2

In the maximum entropy inverse reinforcement learning paper, Ziebart et al. show that the state visitation frequency $\rho(s)$ of a state $s$ can be computed as $$ \rho_{\pi}(s) = \sum_{t}^{T} P(s_t=s|\pi), $$ which is the sum of the probability that the state being visited at each time step.

I just don't understand why is it the sum? From my perspective, a frequency should be the less than one, so that it should be the average value $$ \rho_{\pi}(s) = \frac{1}{T}\sum_{t}^{T} P(s_t=s|\pi). $$

skypitcher
  • 31
  • 1
  • My feeling is that they define the first equation and will then normalise it to make it a state distribution. – David Apr 26 '21 at 08:34
  • It should be the average and this is rarely mentioned by people except for a IRL summer camp at UCB. You can check this [GithubIssue](https://github.com/yrlu/irl-imitation/issues/1#issuecomment-532552252) for details. – skypitcher Apr 28 '21 at 08:08

1 Answers1

1

The equation you show does not appear in Ziebart et al (2008). They do provide a description of the computation in Algorithm 1.

It is the visitation frequency and it is not a probability distribution, so it does not need to be averaged.

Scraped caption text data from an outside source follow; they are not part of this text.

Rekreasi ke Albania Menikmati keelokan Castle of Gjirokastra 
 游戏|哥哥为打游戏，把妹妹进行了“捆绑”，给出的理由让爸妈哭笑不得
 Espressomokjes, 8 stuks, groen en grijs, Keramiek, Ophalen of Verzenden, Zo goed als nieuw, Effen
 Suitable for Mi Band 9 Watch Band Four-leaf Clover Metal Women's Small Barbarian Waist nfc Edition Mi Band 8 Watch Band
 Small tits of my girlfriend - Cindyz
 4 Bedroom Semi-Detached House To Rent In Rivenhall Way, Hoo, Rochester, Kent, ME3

If you look at Equation 2. in Arora & Doshi (2020), you a formulation that describes the Algorithm 1 quite well:

$\phi^\pi(s) = \phi^0(s) + \sum_{s'\in\mathcal{S}}P(s,\pi(s),s')\phi^\pi(s')$.

I am not very satisfied with this formulation, because, in my opinion, there should also be a summation over $a\in \mathcal{A}$, like $\eta(s)$ the expected number of visits, in Equation 9.2 in Sutton & Barto (2020).:

$\eta(s)=h(s)+\sum_{\bar{s}}\eta(\bar{s})\sum_a\pi(a|\bar{s})p(s|\bar{s},a)$.

To summarize, in all three descriptions, you just calculate how often a state is visited by policy $\pi$.